There is no suggestion that these beliefs are a contrivance, designed to hide other motives, even if that is the case with some individuals. This worldview is genuinely what motivates may well-intentioned Brexiteers. Wrong-headed it may be, but no more so than the “socialism in one country” beliefs of the current leadership of the Labour Party.
Key Brexiteer members of the UK government, Michael Gove and David Davis, captured aspects of the essence of Angloism in writings in the run-up to the referendum in 2016.
Gove argued that when it came to sovereignty:
“…our membership on the European Union prevents us being able to change huge swathes of law and stops us being able to choose who makes critical decisions which affect all our lives.”
Davis was forthright is setting out the opportunity Brexit would offer in reconnecting with the Anglosphere:
“This is an opportunity to renew our strong relationships with Commonwealth and Anglosphere countries. These parts of the world are growing faster than Europe. We share history, culture and language. We have family ties. We even share similar legal systems. The usual barriers to trade are largely absent.”

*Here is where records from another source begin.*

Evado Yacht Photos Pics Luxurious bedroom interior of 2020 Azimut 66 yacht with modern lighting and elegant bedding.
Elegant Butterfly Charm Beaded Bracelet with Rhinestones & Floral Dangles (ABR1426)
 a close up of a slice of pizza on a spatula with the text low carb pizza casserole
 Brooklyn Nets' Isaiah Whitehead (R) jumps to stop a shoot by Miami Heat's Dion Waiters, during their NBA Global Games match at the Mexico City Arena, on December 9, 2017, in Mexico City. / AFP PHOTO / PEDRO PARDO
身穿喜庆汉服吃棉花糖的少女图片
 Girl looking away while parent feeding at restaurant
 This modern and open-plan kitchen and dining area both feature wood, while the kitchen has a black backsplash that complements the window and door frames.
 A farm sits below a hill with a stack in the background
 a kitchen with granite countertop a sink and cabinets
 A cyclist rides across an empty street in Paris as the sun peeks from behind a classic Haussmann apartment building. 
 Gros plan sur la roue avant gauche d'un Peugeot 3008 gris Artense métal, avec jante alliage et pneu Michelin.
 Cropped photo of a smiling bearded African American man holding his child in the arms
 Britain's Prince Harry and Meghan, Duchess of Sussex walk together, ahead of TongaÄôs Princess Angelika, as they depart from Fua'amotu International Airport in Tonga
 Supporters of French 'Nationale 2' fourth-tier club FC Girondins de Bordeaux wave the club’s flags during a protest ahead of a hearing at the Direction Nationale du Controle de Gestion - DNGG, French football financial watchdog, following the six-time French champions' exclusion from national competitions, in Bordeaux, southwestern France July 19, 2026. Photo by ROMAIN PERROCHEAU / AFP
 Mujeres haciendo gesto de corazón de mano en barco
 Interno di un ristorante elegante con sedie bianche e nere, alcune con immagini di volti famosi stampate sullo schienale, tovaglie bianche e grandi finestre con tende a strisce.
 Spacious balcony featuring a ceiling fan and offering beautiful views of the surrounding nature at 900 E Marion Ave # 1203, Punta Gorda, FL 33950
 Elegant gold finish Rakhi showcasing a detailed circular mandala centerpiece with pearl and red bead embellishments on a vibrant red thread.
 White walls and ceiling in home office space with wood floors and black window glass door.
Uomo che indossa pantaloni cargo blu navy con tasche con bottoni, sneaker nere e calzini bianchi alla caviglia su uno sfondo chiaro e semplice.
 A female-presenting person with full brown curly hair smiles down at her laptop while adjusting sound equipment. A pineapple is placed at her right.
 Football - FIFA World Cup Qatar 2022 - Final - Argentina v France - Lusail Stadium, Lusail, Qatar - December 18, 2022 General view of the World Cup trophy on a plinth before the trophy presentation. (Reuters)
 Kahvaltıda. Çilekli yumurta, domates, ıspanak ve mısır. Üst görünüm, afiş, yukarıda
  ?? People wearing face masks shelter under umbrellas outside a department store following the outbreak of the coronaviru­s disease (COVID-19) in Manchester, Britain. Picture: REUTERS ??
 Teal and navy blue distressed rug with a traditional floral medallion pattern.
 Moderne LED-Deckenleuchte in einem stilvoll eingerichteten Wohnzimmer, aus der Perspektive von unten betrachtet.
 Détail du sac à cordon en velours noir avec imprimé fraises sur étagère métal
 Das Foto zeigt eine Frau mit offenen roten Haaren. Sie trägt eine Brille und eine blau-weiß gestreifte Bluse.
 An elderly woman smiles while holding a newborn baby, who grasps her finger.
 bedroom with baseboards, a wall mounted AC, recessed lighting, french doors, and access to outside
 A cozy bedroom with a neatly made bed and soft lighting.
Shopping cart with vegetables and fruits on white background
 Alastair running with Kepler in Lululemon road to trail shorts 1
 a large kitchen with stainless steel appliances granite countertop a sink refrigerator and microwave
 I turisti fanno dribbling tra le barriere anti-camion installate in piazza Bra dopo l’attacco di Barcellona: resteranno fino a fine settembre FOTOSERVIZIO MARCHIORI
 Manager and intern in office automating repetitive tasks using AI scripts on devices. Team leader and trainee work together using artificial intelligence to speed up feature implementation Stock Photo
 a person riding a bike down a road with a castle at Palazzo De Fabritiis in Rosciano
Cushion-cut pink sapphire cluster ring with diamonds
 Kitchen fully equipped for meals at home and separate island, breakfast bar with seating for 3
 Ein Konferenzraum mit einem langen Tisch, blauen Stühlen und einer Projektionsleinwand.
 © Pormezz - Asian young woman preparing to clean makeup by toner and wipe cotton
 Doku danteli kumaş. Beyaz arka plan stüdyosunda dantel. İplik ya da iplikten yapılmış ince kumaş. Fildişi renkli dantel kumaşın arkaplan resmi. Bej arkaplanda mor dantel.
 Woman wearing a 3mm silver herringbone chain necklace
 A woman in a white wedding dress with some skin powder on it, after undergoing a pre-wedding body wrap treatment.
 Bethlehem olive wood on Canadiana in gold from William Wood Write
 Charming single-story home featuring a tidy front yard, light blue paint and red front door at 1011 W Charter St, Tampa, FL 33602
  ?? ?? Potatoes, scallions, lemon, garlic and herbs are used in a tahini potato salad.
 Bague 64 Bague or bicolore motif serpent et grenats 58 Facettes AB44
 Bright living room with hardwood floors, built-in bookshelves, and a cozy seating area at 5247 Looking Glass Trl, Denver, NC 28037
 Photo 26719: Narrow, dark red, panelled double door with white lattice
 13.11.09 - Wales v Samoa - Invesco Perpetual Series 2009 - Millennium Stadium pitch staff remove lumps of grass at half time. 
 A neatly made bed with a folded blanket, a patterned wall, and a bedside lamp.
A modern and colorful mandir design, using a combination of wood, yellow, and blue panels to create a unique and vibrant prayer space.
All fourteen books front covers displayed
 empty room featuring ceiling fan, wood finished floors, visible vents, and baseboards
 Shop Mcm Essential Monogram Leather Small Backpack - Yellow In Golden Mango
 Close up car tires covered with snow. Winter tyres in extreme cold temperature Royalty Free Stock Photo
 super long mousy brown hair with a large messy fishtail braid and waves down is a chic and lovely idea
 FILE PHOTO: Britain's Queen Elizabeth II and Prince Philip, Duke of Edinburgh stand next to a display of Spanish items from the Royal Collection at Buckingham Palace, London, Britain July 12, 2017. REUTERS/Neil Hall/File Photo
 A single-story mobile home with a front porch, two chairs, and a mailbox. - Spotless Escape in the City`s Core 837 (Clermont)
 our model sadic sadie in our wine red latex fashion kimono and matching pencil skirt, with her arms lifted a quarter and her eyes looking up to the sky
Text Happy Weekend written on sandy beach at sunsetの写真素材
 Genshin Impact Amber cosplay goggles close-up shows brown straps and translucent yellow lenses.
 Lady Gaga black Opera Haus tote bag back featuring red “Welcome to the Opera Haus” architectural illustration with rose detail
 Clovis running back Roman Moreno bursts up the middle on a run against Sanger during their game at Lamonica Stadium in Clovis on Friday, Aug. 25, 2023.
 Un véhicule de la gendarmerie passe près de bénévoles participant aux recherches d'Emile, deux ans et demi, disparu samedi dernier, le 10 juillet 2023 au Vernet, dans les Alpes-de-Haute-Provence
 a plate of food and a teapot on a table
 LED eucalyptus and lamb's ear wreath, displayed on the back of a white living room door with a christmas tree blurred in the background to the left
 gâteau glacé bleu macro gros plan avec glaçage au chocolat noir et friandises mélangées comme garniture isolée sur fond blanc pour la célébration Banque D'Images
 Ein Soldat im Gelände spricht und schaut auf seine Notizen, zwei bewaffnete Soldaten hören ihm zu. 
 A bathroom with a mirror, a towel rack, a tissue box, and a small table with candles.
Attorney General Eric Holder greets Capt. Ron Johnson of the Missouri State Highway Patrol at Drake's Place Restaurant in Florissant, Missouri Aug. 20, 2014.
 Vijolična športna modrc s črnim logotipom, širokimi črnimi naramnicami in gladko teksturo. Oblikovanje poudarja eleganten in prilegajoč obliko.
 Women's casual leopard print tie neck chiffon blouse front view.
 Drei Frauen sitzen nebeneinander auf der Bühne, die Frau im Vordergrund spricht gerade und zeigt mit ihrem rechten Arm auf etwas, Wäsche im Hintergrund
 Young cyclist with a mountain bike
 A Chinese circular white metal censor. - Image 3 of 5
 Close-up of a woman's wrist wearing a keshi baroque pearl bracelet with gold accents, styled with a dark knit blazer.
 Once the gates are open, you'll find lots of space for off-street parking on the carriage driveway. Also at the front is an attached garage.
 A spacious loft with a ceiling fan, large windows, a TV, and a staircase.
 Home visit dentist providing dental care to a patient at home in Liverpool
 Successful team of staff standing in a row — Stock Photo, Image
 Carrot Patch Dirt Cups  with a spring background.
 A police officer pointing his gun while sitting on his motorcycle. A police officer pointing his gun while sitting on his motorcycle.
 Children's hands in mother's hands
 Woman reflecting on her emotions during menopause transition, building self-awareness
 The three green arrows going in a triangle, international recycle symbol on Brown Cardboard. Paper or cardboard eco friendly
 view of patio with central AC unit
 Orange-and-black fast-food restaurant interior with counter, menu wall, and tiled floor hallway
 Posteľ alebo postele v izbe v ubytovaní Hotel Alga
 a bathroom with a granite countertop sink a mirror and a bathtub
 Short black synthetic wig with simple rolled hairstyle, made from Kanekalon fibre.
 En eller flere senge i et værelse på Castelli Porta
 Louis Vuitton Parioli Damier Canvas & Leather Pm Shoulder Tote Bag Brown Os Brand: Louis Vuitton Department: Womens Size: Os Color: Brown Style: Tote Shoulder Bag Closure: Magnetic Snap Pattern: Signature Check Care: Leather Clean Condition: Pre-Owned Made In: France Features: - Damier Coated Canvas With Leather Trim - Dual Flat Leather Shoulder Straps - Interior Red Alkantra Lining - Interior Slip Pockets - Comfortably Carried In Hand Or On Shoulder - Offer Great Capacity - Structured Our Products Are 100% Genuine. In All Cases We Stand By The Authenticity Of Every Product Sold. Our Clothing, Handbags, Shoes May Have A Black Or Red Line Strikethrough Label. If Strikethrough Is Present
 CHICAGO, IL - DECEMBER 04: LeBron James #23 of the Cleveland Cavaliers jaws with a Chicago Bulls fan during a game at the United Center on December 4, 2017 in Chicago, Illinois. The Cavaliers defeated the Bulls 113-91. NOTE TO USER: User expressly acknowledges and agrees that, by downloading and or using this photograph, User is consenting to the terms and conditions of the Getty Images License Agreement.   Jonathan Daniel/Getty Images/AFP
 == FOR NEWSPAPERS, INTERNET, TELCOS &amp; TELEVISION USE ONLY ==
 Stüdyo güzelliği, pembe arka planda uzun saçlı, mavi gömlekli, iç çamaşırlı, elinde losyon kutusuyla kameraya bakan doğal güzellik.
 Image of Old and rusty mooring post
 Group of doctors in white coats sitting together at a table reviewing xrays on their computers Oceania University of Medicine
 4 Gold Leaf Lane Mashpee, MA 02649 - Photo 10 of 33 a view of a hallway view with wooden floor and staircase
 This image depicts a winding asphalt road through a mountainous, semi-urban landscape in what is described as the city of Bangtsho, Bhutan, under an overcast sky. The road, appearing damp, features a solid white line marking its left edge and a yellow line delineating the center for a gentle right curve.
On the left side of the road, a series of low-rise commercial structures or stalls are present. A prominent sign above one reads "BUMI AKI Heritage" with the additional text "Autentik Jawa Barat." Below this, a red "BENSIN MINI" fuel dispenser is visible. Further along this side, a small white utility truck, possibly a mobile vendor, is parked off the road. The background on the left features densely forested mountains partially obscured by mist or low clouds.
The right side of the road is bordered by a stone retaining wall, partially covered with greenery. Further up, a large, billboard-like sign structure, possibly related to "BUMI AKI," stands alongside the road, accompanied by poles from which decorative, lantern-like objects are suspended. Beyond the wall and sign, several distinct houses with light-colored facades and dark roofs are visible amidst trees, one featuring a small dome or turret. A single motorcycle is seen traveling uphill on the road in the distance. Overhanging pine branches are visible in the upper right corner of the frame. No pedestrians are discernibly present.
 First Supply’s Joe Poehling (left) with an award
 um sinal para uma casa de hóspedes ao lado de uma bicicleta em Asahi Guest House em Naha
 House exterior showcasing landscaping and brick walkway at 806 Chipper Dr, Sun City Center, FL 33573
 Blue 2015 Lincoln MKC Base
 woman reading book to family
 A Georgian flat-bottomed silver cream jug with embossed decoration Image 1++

All of which helps to provide some context for last week’s debate in the UK about continued membership of the Customs Union.
A Customs Union sees its members impose common external tariffs against third countries while allowing tariff free trade within the union. A majority in both Houses of the UK parliament think leaving the Customs Union is a bad idea and votes in both the Lords and the Commons during the past week have shown that the Prime Minister, Theresa May, would struggle to get any deal that doesn’t involve Customs Union membership in some shape or form passed.
The dilemma facing Mrs May was neatly summed up by Michael Bloomberg, when he wrote
Theresa May’s government is still promising to quit Europe’s customs union when Brexit happens next year. The prime minister’s position is politically understandable, yet entirely indefensible.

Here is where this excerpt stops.